Chat Rooms

My concern in this section is with the specific aspects of chat rooms that relate to online predators.16 To briefly summarize, a chat room is an online forum in which live conversations (whether text, audio, or video) take place between strangers. Given everything you’ve already read in this chapter about predators, the risks of chat rooms should be blindingly obvious. Meet and talk with complete strangers online? I wonder who’s going to show up!

As I write and speak on a variety of topics relating to Internet safety, I tend to be cautious about where I’m willing to draw hard lines. So many areas of concern require judgment calls by individuals, and people often draw the line in different places. However, chat rooms are one of those areas where I fail to see any positive value, and often see a great deal of risk. As a consequence, I strongly recommend that you do not use chat rooms. The FBI estimates that regularly frequenting chat rooms yields a very high chance of interacting with an online predator.17 A sobering statistic indeed!

Chat rooms can take many forms, but the rule of thumb is that any environment online that allows your child to converse with someone they don’t already know in the real world should be considered very risky, and avoided if at all possible. There are environments that are otherwise safe and wholesome, or where there is some legitimate reason for your child to be hanging out. However, you should make sure to educate your children properly so that they can respond appropriately to any interactions with potential online predators.

Here’s a true story from my family that may help to illustrate these principles in action. One of my boys is a really good chess player,18 and he has spent time on a very popular, very reputable online chess service where players from around the world play chess. When high quality competition isn’t locally available (like in our little town in Utah), a service like this can be extremely valuable, especially for a youngster like my son, who took his chess very seriously. On one occasion he told me that during a chess match online, the other player began asking him questions, such as his age, gender, and where he lived. I asked him what he did in response. He told me that he immediately quit that game, blocked the player from having any contact with him (including that player’s ability to see any of my son’s games), and then reported the player to the system administrators, who, to their credit, responded immediately to the situation. Since my son understood the risks ahead of time, he was able to quickly respond to inappropriate advances, before getting to the point of trying to determine whether the other player was a predator, or just a very nosy and socially clueless online chess player.

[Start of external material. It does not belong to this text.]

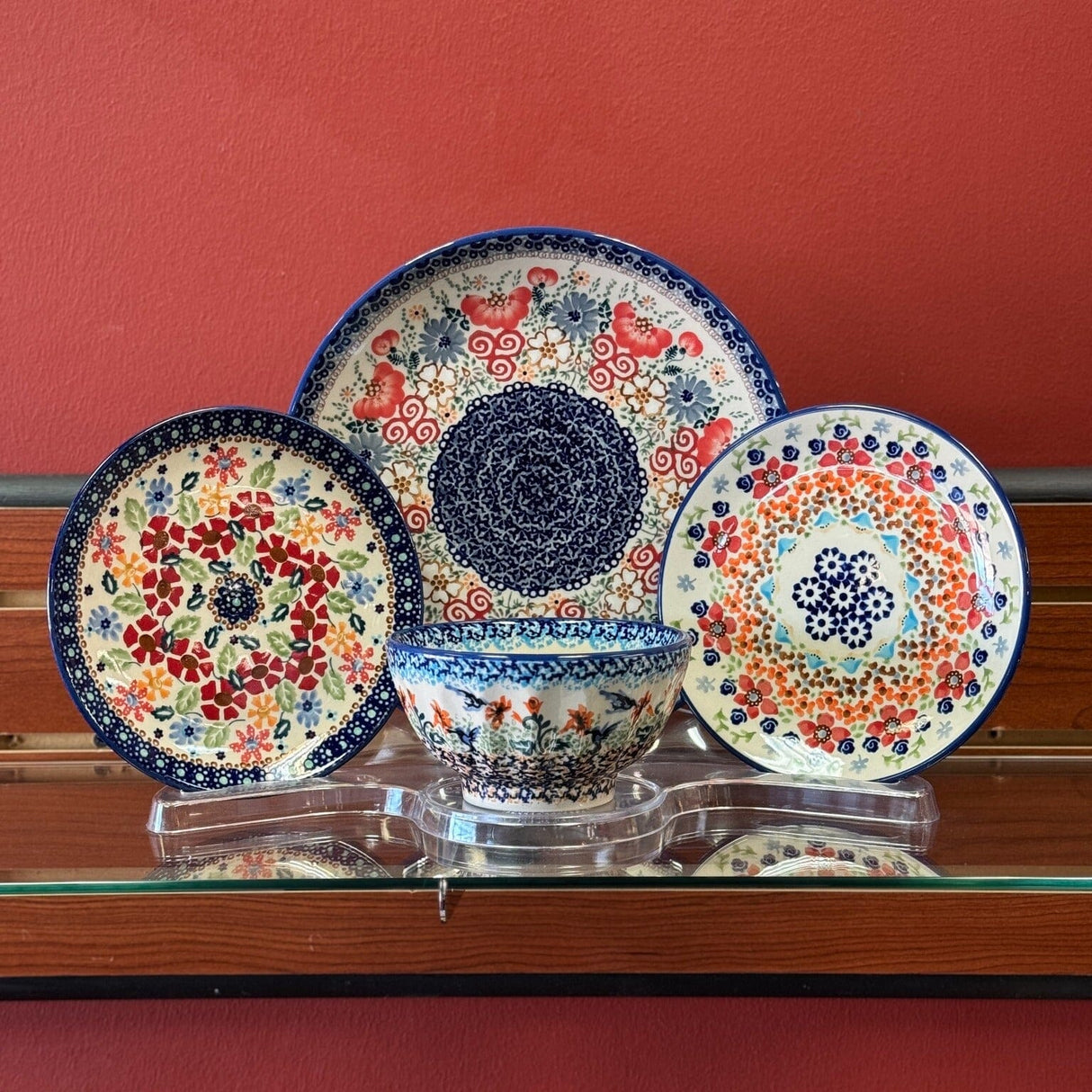 Bowl, Round, Fancy, 5.5" in "Hummingbird Harvest" by Manufaktura | C018S-JZ35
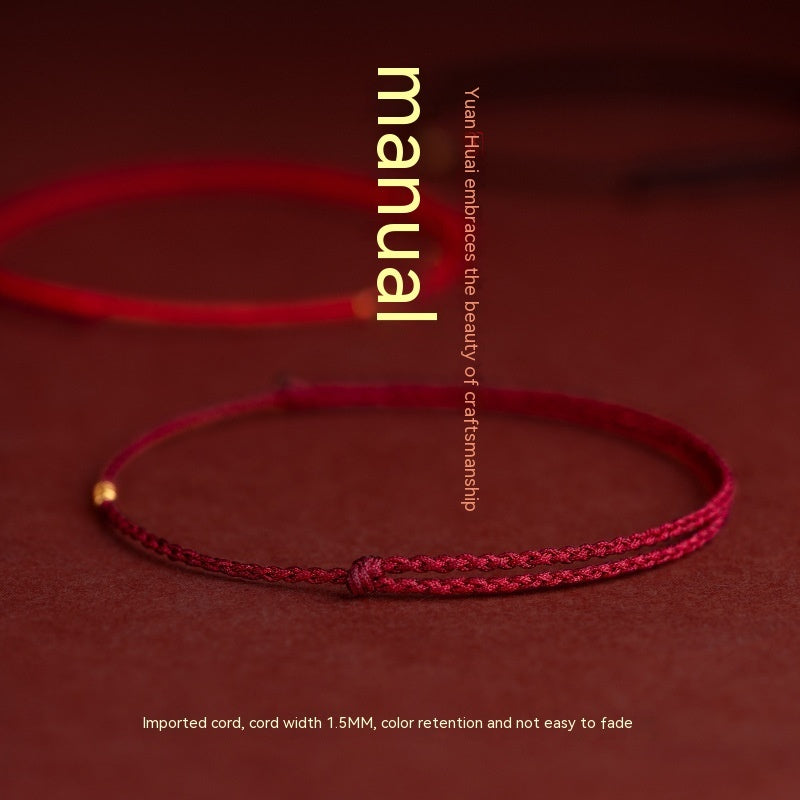 Bracelet en corde rouge tressé à la main avec petites perles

While an online chess service isn’t a chat room in the classic sense, the point is that the ability to converse online with a stranger means that all the normal cautions associated with chat rooms apply. When a chat room or chatting service exists whose sole purpose is to help people talk (unlike the chess service where chatting was a side note) the dangers increase exponentially.

Chatrooms allow for immediate, direct communications between participants, and many of those geared to adolescents are known for explicit sexual talk, sexual innuendo, and obscene language. This atmosphere may attract online child molesters. Also, the youths who visit chatrooms may be more at risk than other youths. There is some evidence that adolescents who visit chatrooms are more likely to have problems with their parents, to suffer from sadness, loneliness, or depression, to have histories of sexual abuse, and to engage in risky behavior than those who do not go to chatrooms.19

 

Finally, be very wary of video chat. Directed video chat services such as Skype or Google Hangouts are valuable ways of communicating remotely with people we already know. But beware of video chat services, such as Chatroulette, that exist strictly to create video connectivity between perfect strangers. The opportunity for abuse is obvious, as are the dangers.


16 You’ll find a deeper discussion of chat rooms in Chapter 8: Chatting and Messaging.
17 Dave Davis, “FBI Warns About Encountering Child Sex Predators On The Internet,” News On 6 (Oct. 10, 2012), accessed Dec. 11, 2013. http://www.newson6.com/story/19782416/encountering-child-sex-predators-on-the-internet.
18 By “really good,” I mean that at age 18 he won the Utah State Amateur Chess Championship, followed by a 2nd place showing at the national class championships.
19 Wolak et. al., “Online Predators.”